● **DATA EXTRACTS**
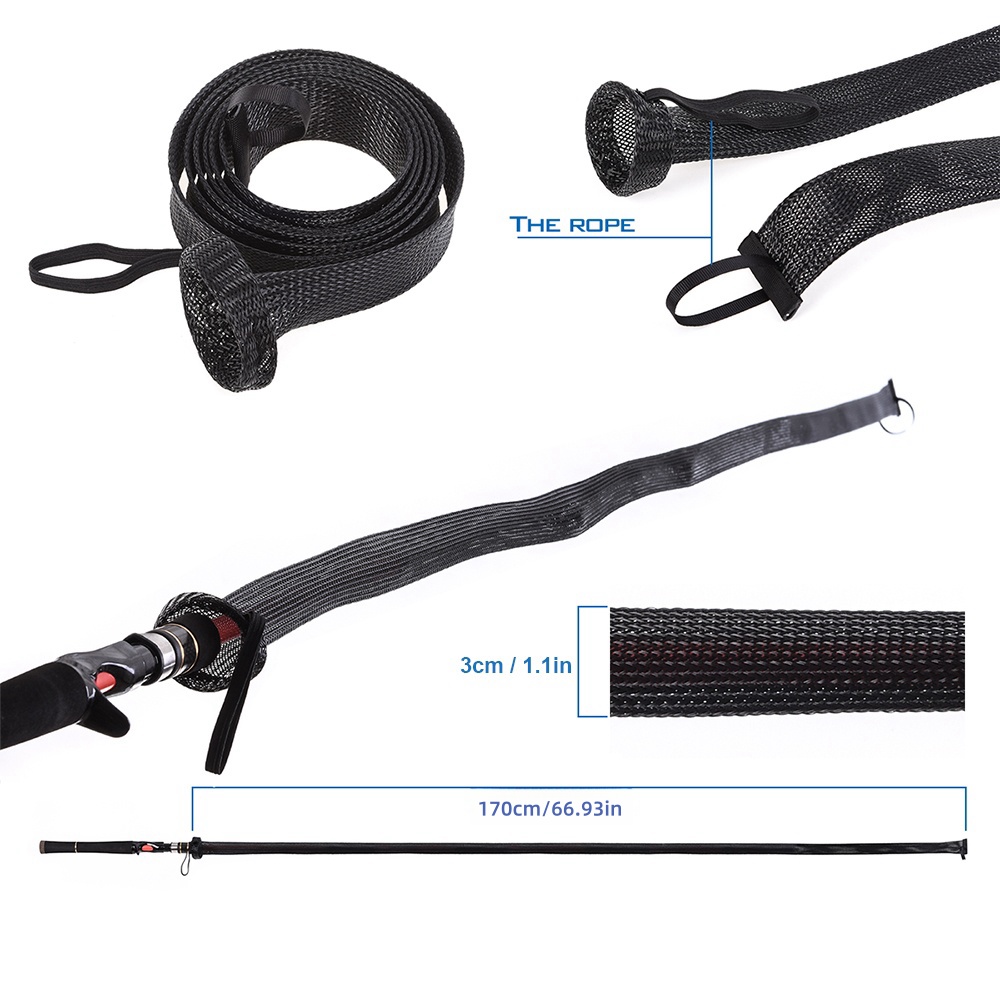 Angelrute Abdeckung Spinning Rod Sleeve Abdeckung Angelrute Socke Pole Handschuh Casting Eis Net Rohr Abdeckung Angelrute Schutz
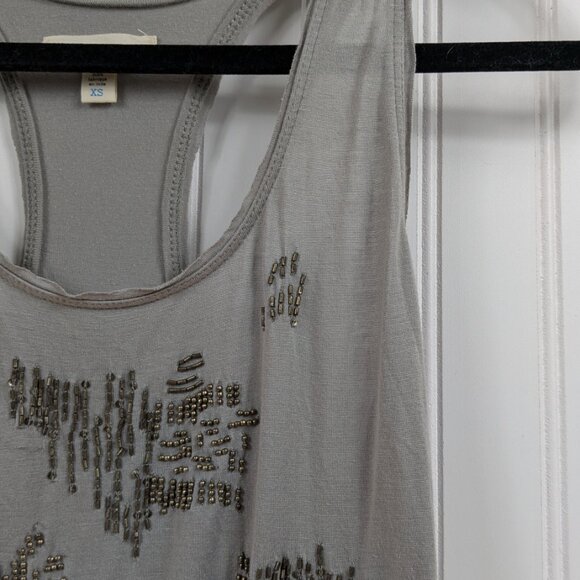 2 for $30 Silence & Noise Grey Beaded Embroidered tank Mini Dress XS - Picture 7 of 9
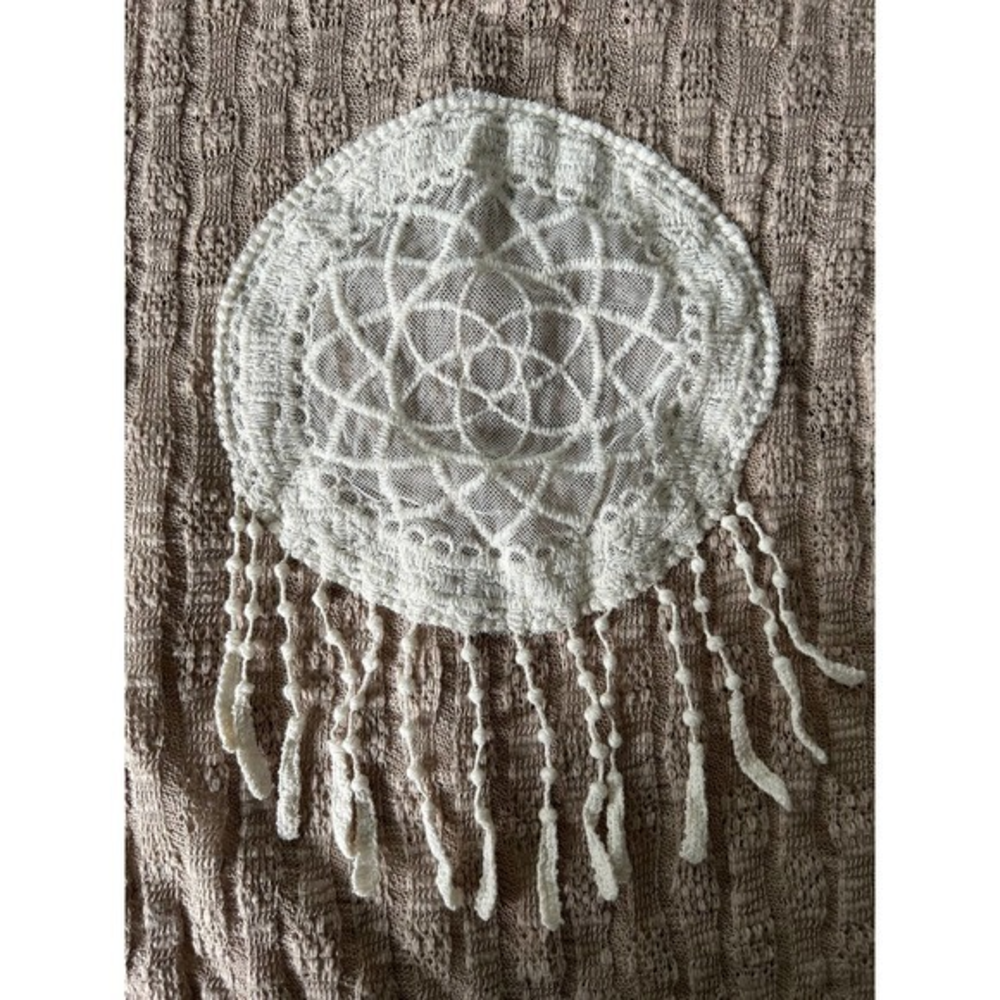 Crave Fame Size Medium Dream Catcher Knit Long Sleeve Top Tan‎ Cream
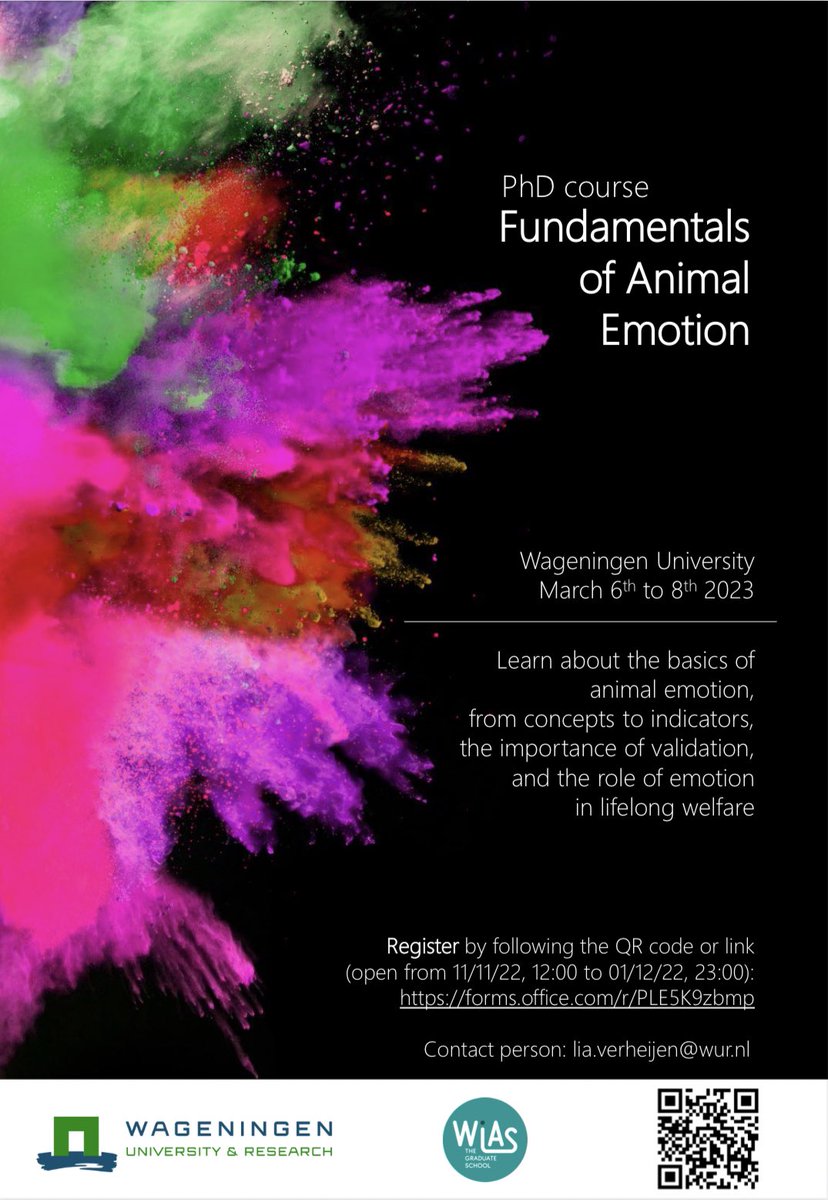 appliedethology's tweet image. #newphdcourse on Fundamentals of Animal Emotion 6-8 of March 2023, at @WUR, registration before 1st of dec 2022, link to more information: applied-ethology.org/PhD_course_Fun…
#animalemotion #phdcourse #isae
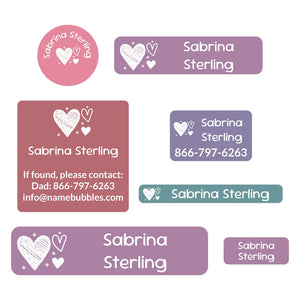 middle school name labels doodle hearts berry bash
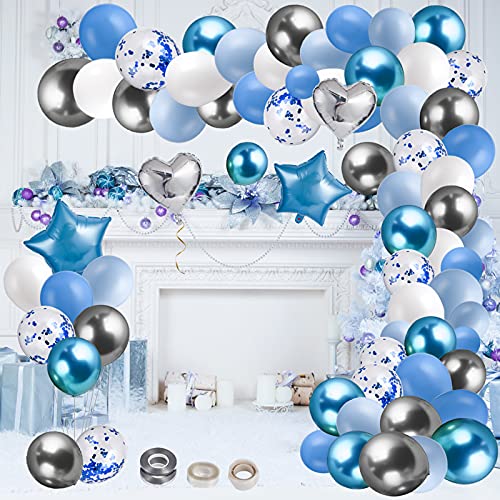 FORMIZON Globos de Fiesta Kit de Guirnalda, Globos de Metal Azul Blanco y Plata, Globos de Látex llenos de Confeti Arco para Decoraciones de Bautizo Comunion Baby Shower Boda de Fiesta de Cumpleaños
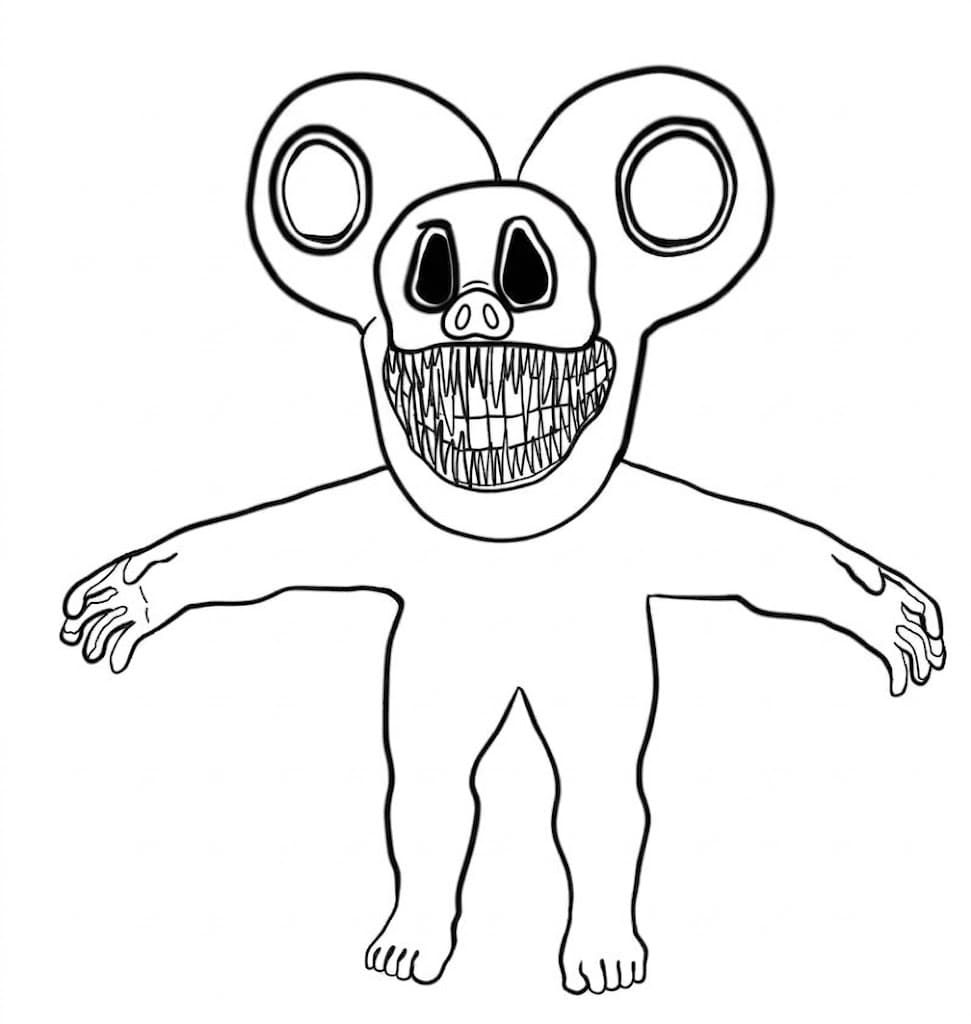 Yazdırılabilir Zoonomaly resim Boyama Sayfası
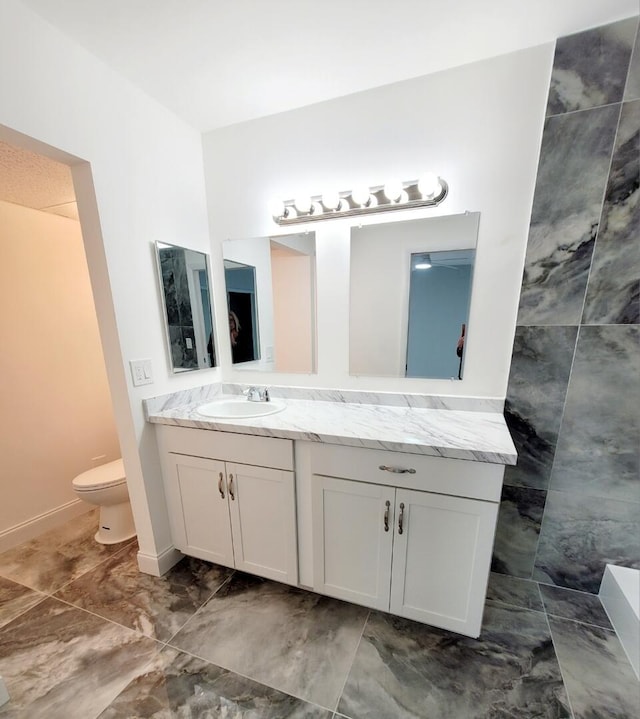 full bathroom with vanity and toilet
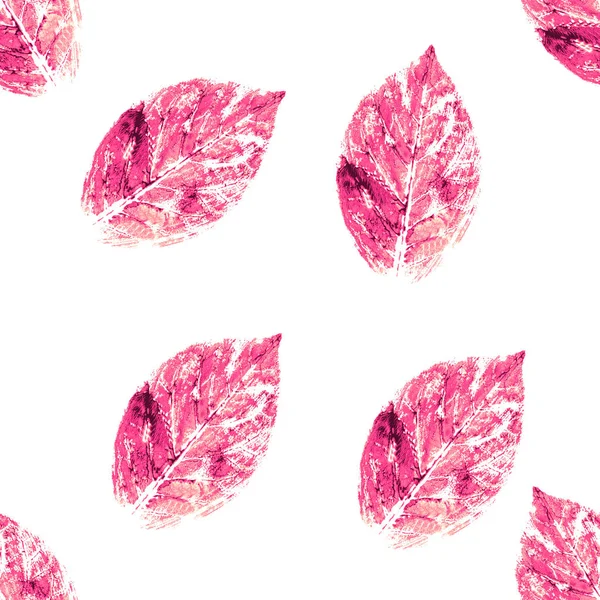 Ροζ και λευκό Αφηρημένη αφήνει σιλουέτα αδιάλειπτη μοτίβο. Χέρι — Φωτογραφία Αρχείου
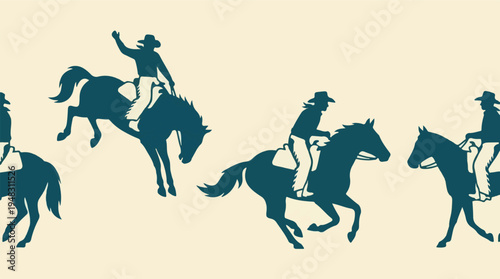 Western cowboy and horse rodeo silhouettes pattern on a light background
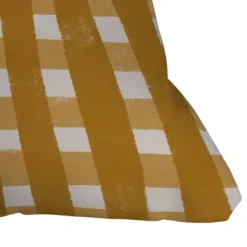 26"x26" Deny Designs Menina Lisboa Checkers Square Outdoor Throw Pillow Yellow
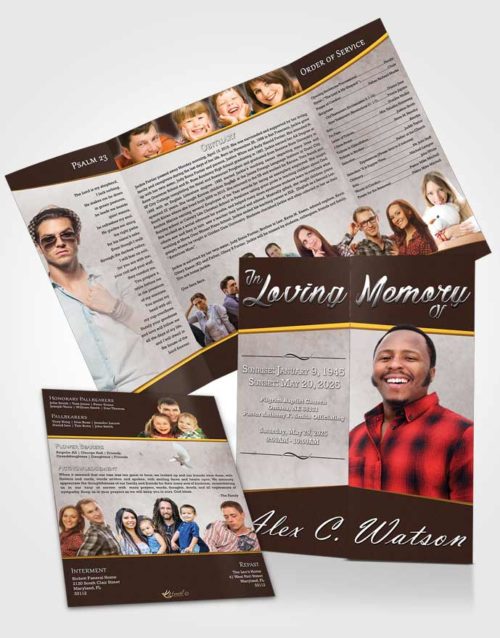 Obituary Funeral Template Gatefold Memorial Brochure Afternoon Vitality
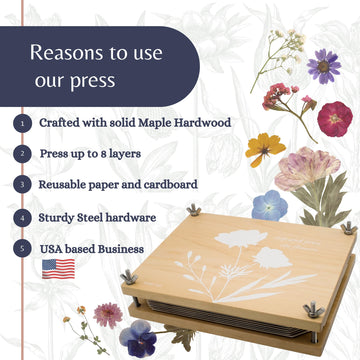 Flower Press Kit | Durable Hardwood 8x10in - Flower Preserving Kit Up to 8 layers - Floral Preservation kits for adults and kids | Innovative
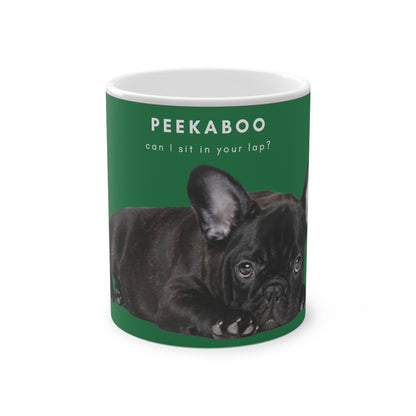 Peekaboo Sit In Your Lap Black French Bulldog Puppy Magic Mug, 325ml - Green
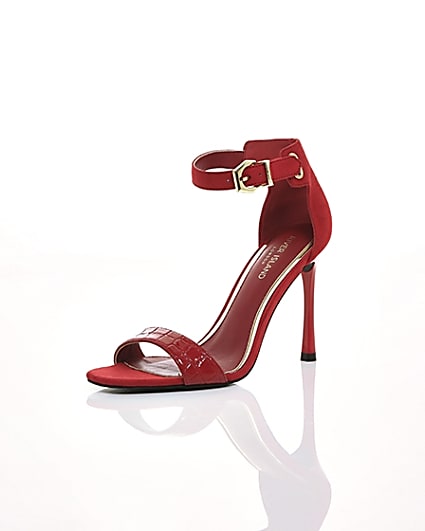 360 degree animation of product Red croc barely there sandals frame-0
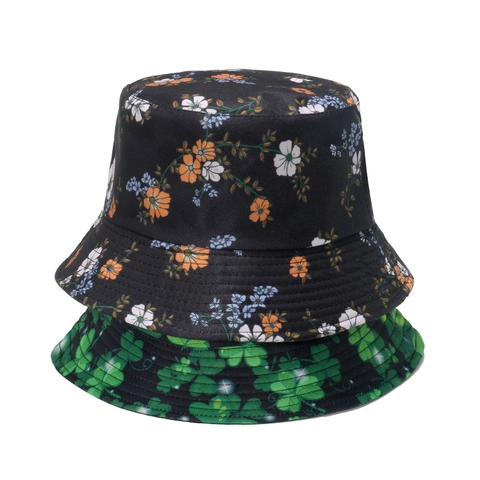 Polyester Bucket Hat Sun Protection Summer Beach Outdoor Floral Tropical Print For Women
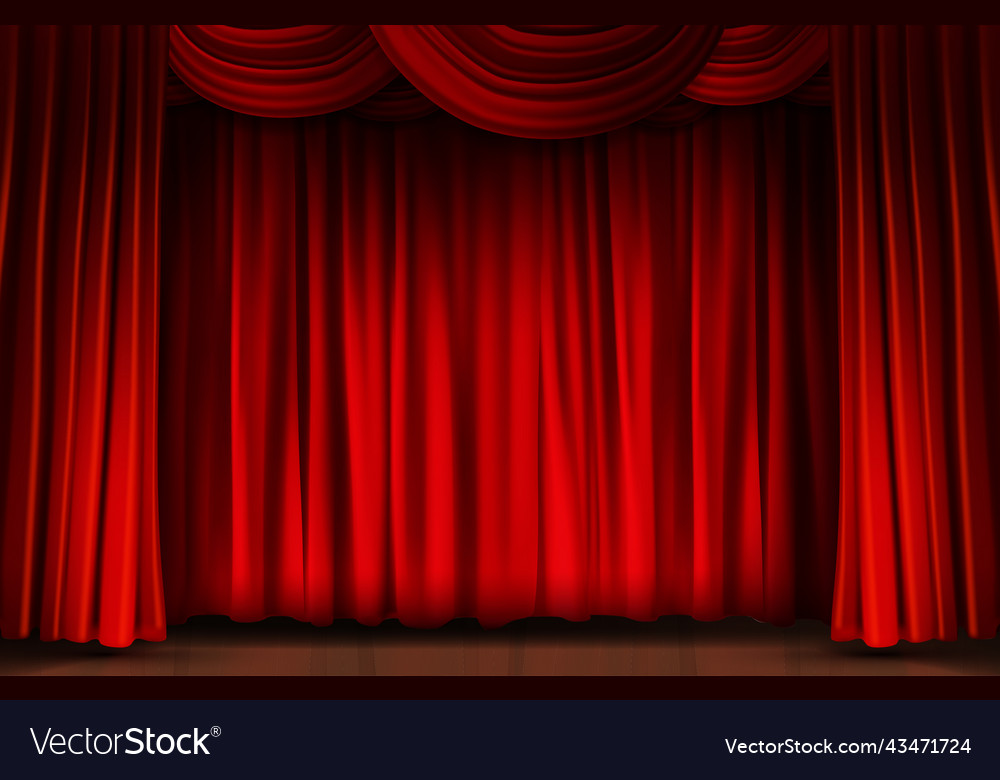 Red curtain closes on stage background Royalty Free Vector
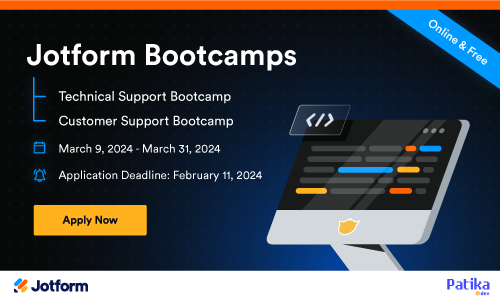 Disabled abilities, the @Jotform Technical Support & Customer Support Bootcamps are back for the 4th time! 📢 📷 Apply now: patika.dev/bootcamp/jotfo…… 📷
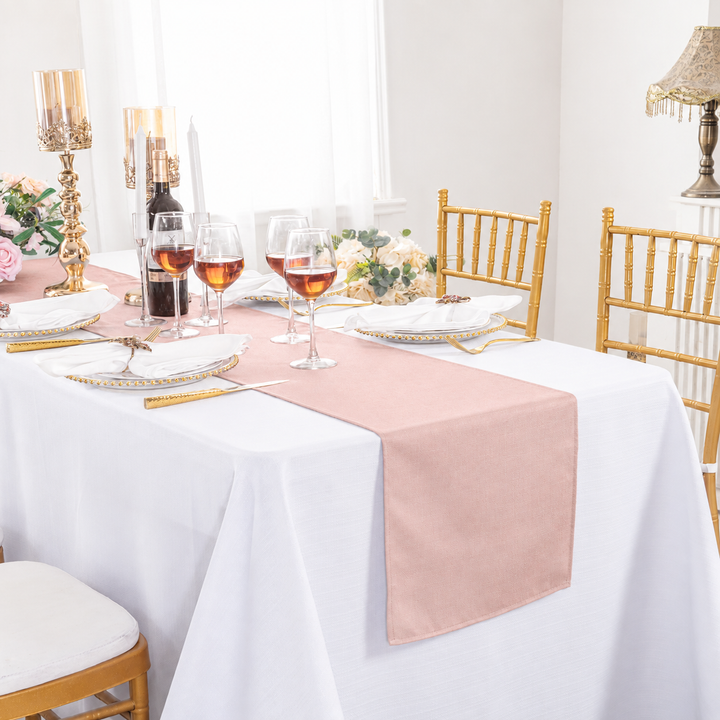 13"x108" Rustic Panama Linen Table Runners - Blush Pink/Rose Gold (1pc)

● **WORK INSTRUCTIONS**
In the records above, find the line with "FORMIZON Globos de" and the line with "Peekaboo Sit In", then restate word for word only those two lines and all lines between, omitting pictures.

● **TASK ANSWER**
 FORMIZON Globos de Fiesta Kit de Guirnalda, Globos de Metal Azul Blanco y Plata, Globos de Látex llenos de Confeti Arco para Decoraciones de Bautizo Comunion Baby Shower Boda de Fiesta de Cumpleaños
 Yazdırılabilir Zoonomaly resim Boyama Sayfası
 full bathroom with vanity and toilet
 Ροζ και λευκό Αφηρημένη αφήνει σιλουέτα αδιάλειπτη μοτίβο. Χέρι — Φωτογραφία Αρχείου
 Western cowboy and horse rodeo silhouettes pattern on a light background
 26"x26" Deny Designs Menina Lisboa Checkers Square Outdoor Throw Pillow Yellow
 Obituary Funeral Template Gatefold Memorial Brochure Afternoon Vitality
 Flower Press Kit | Durable Hardwood 8x10in - Flower Preserving Kit Up to 8 layers - Floral Preservation kits for adults and kids | Innovative
 Peekaboo Sit In Your Lap Black French Bulldog Puppy Magic Mug, 325ml - Green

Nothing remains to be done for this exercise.